Tuesday, July 5, 2022

Everything for Everyone




  I received a copy of this release from the publisher in exchange for an honest review.


Title: Everything for Everyone: An Oral History of the New York Commune, 2052–2072
Author
M. E. O'Brien,
 
Eman Abdelhadi
Publisher: Common Notions
Release Date8.2.22

Publisher’s Summary 
By the middle of the twenty-first century, war, famine, economic collapse, and climate catastrophe had toppled the world's governments. In the 2050s, the insurrections reached the nerve center of global capitalism—New York City. This book, a collection of interviews with the people who made the revolution, was published to mark the twentieth anniversary of the New York Commune, a radically new social order forged in the ashes of capitalist collapse.

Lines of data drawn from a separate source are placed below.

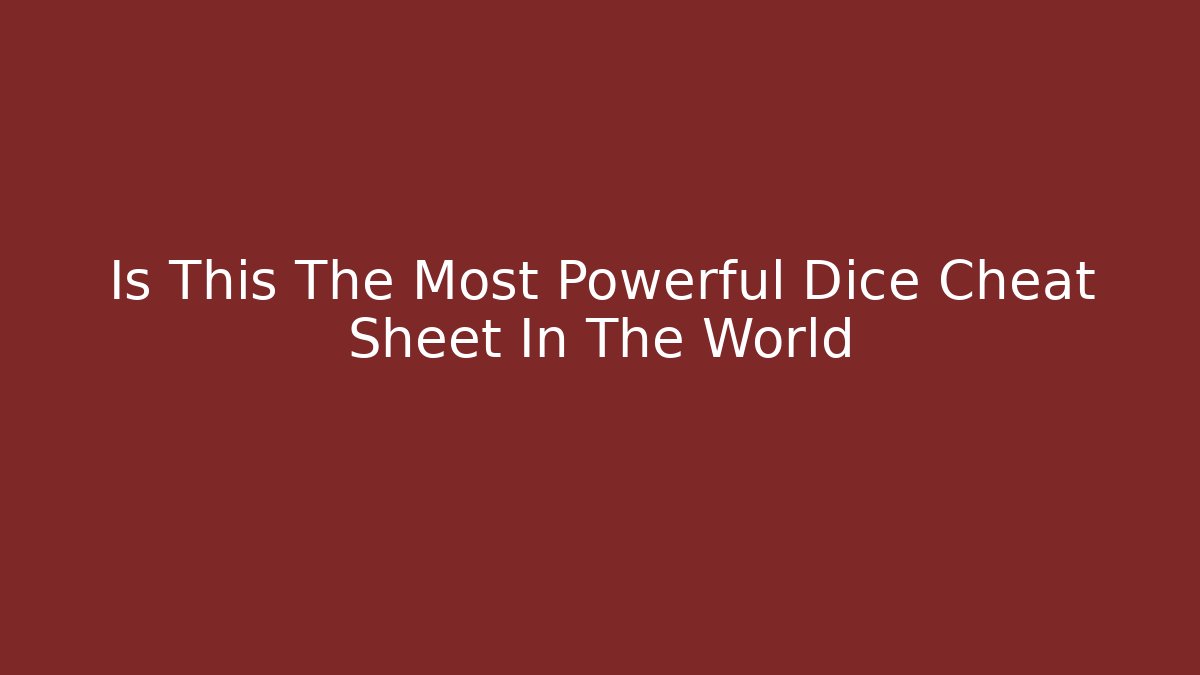 Is This The Most Powerful Dice Cheat Sheet In The World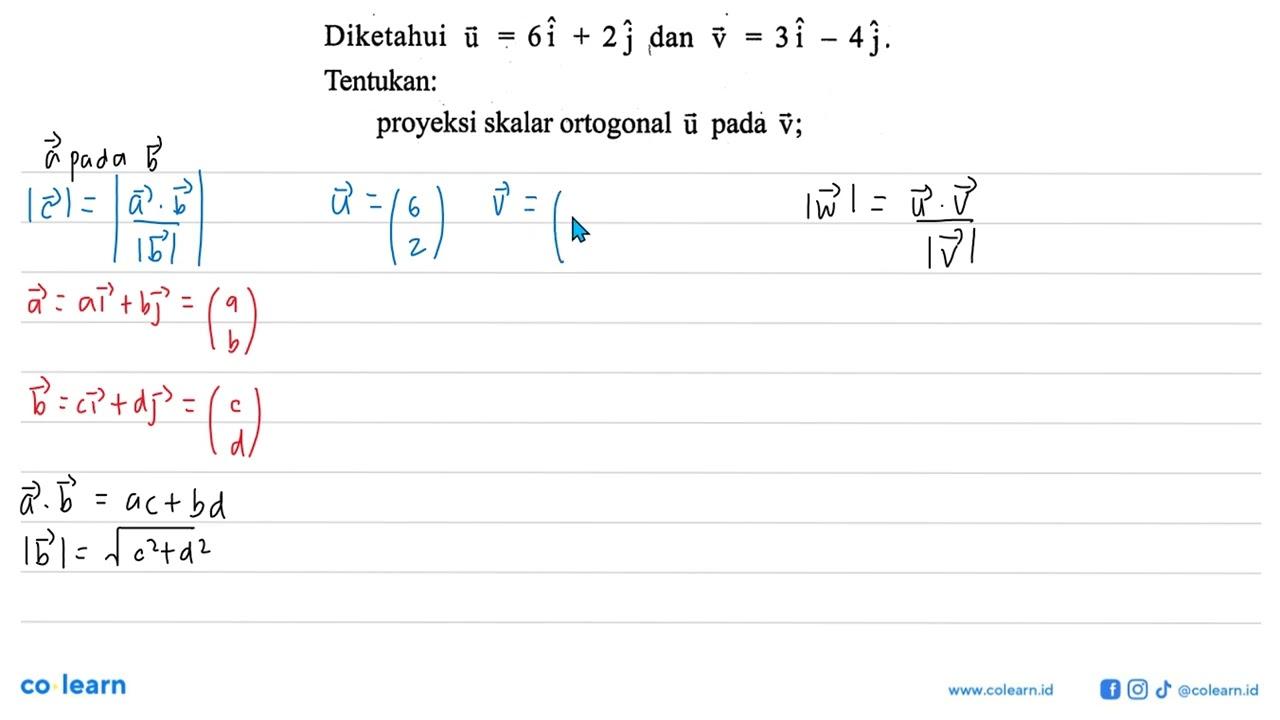 Diketahui u=6i+2j dan v=3i-4j . Tentukan: proyeksi skalar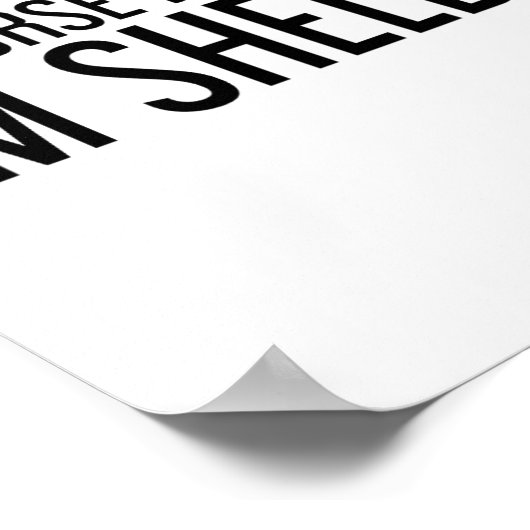 Of Course I'm Right I'm Shelby Name Funny Christma Poster (Hoek)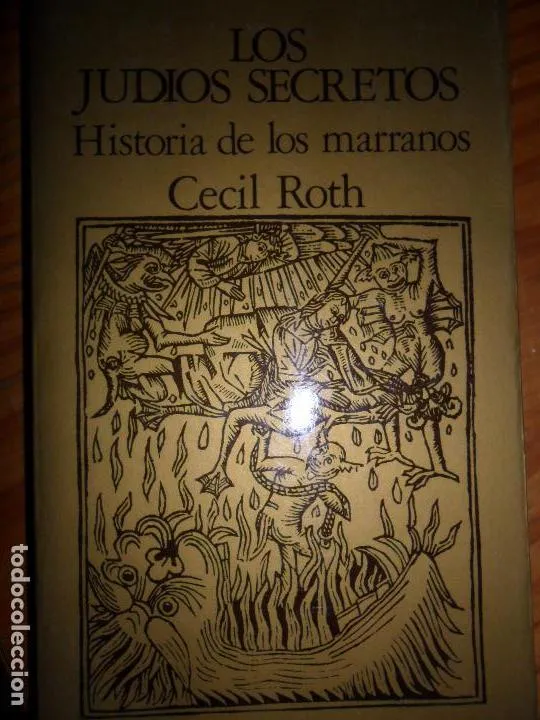Los judíos secretos, Historia de los marranos, Cecil Roth, ed. ALtalena Los judíos secretos, Historia de los marranos, Cecil Roth, ed. ALtalena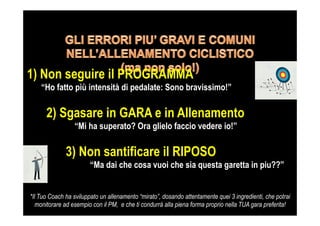 1) Non seguire il PROGRAMMA
“Ho fatto più intensità di pedalate: Sono bravissimo!”
2) Sgasare in GARA e in Allenamento
“Mi ha superato? Ora glielo faccio vedere io!”
3) Non santificare il RIPOSO
“Ma dai che cosa vuoi che sia questa garetta in piu??”
*Il Tuo Coach ha sviluppato un allenamento “mirato”, dosando attentamente quei 3 ingredienti, che potrai
monitorare ad esempio con il PM, e che ti condurrà alla piena forma proprio nella TUA gara preferita!
 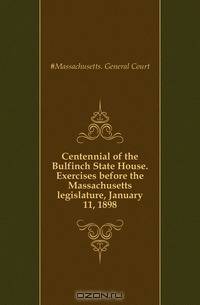 Centennial of the Bulfinch State House. Exercises before the Massachusetts legislature, January 11, 1898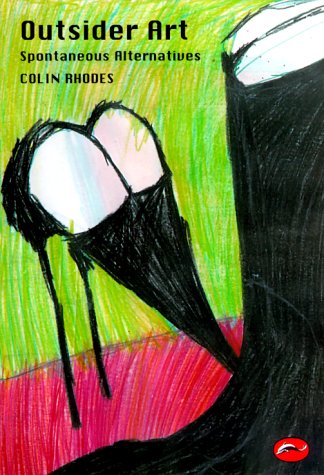 Outsider Art: Spontaneous Alternatives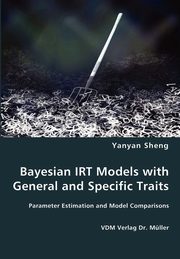 Bayesian IRT Models with General and Specific Traits, Sheng Yanyan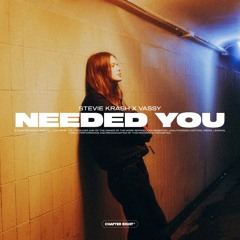 Needed You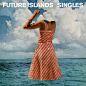 Singles - Future Islands (2014)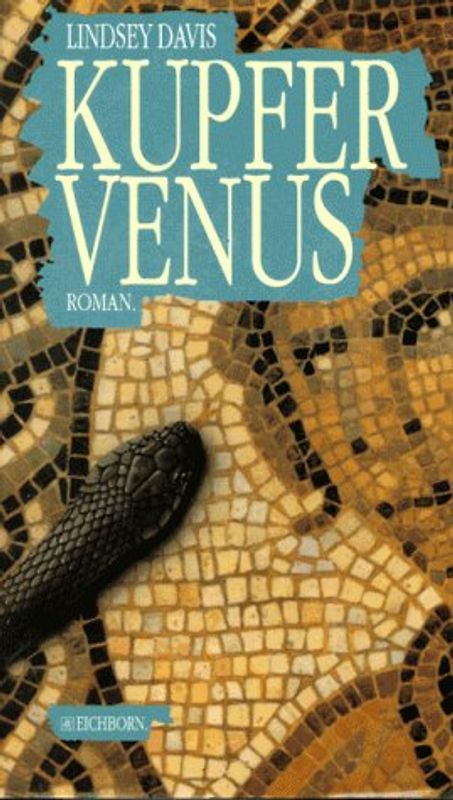 Kupfervenus. Roman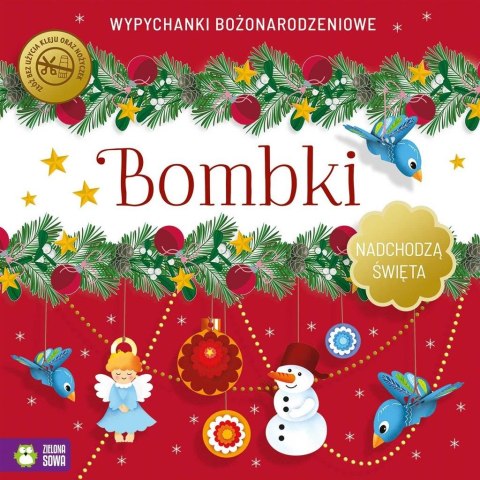 Nadchodzą Święta. Bombki. Wypychanki Nadchodzą Święta. Bombki. Wypychanki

Here is the insurrection in the words of the people who made it, a cast as diverse as the city itself. Nurses, sex workers, antifascist militants, and survivors of all stripes recall the collapse of life as they knew it and the emergence of a collective alternative. Their stories, delivered in deeply human fashion, together outline how ordinary people's efforts to survive in the face of crisis contain the seeds of a new world.

My Review
Hmmm, how do you define this fiction book that's not a novel? A futuristic alternate history? Utopian speculative fiction? A handbook for a new world order?  The collection of 12 interviews read like nonfiction in their traditional formatting and style. Even the topics and language, while evolved from current situations and terminology, feel contemporary and accessible. I definitely found this book interesting and thought-provoking, but I would refrain from recommending this to an average reader. Instead, I would recommend this to readers with a bit more of a foothold and interest in social, economic, and gender theories, as this book reads more like a book from a college course syllabus.